WHAT IS REQUIRED:
Below are records; from the line containing "Frau mit hochgestecktem" through the very last line, output each line exactly. No pictures.

Web page caption snippets:
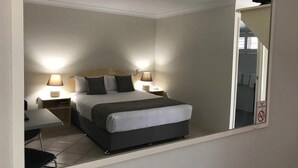 Un dormitorio con cama, mesitas de noche, lámparas, un escritorio y un espejo.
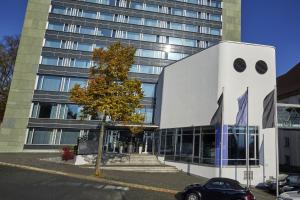 H4 Hotel Kassel في كاسيل: سيارة متوقفة أمام مبنى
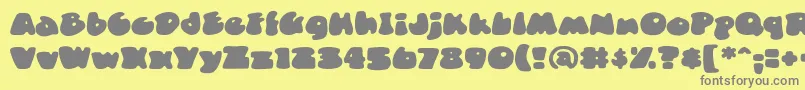 DuncecapbbReg Font – Gray Fonts on Yellow Background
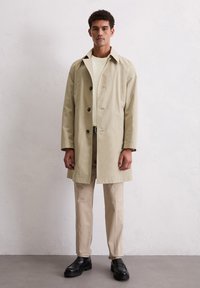 Beige regenjas met grote kraag en donkere knopen, gedragen over een lichtgekleurde shirt en beige broek. Zwarte schoenen maken de outfit compleet.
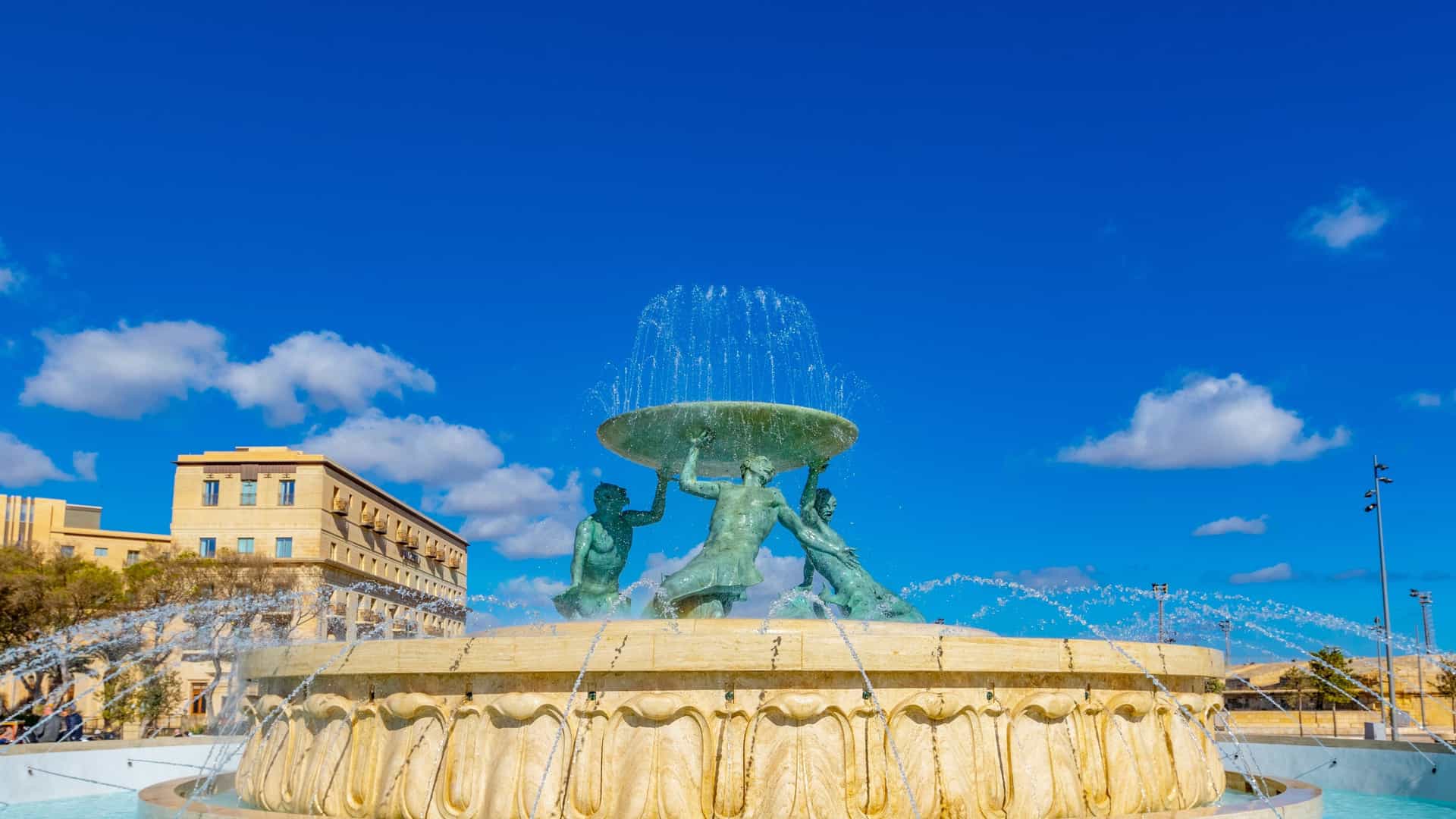 A photo of the famous Triton Fountain located just outside the City Gate of Valletta, Malta. The centerpiece consists of three massive bronze figures of mythological Tritons, balanced on a seaweed like base, holding up a large circular basin. Water jets spray dramatically from the base and the basin, and in the background, the modern Parliament House and the entrance to Valletta are visible.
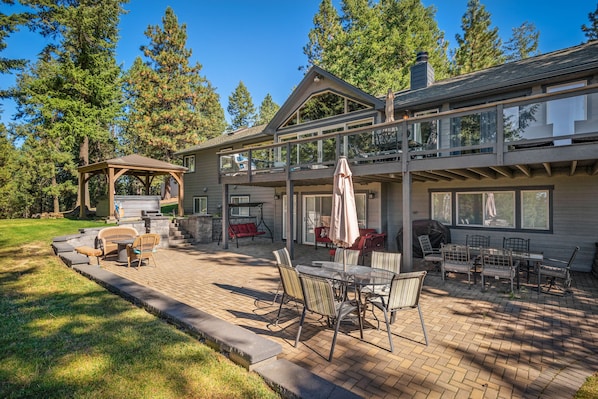 Incredible full length paver patio with BBQ and dining tables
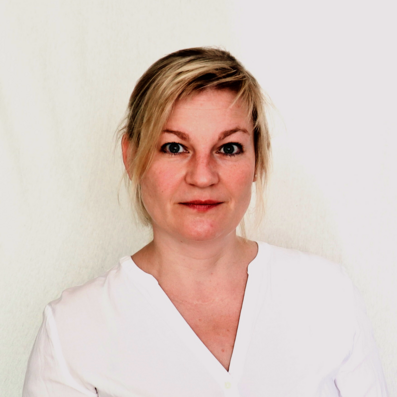 Frau mit hochgestecktem blonden Haar trägt ein weißes Oberteil mit V-Ausschnitt vor hellem Hintergrund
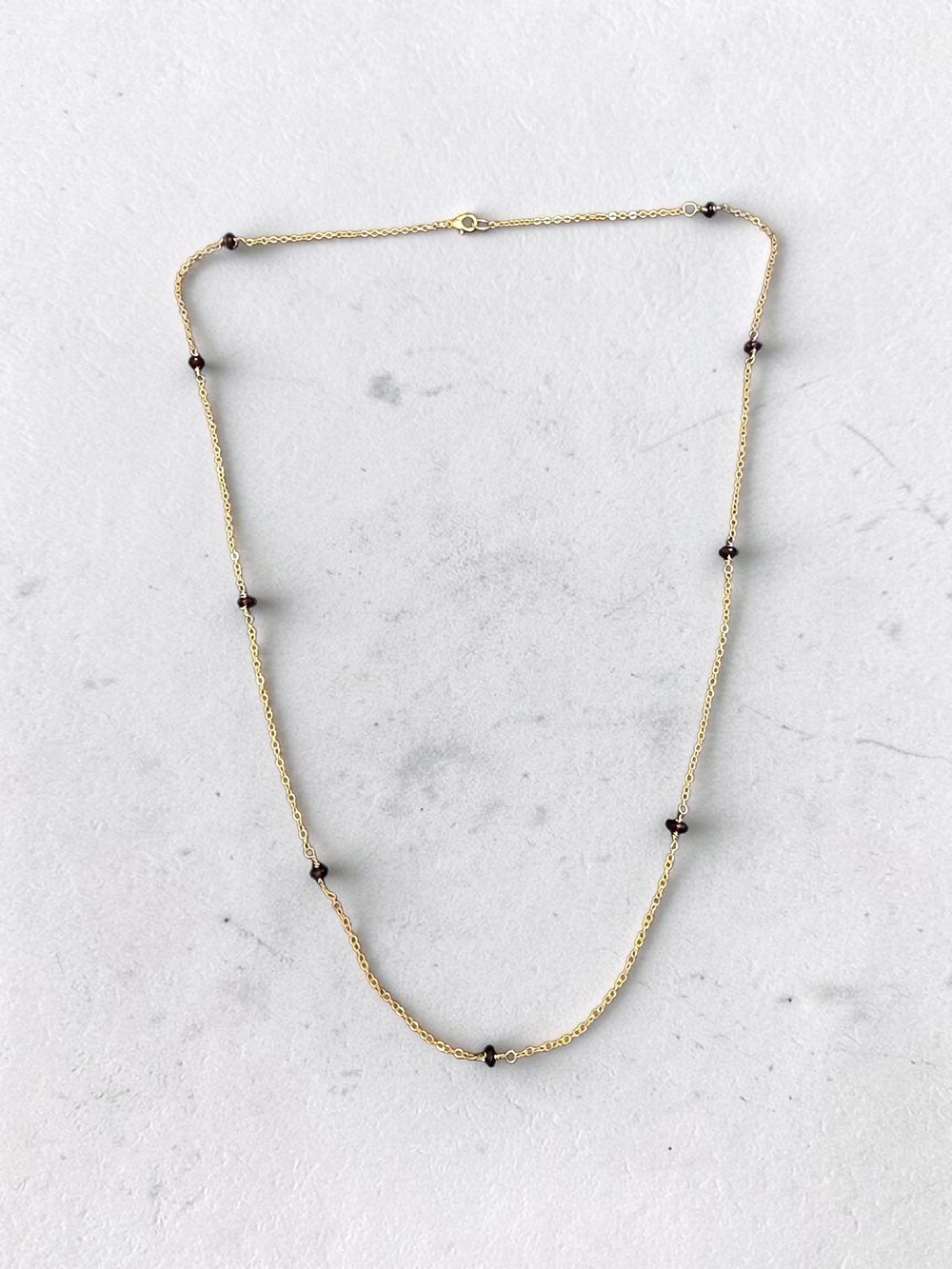 Delicate Gold Necklace with Deep Red Garnet Bead Stations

TASK RESPONSE:
 Frau mit hochgestecktem blonden Haar trägt ein weißes Oberteil mit V-Ausschnitt vor hellem Hintergrund
 Delicate Gold Necklace with Deep Red Garnet Bead Stations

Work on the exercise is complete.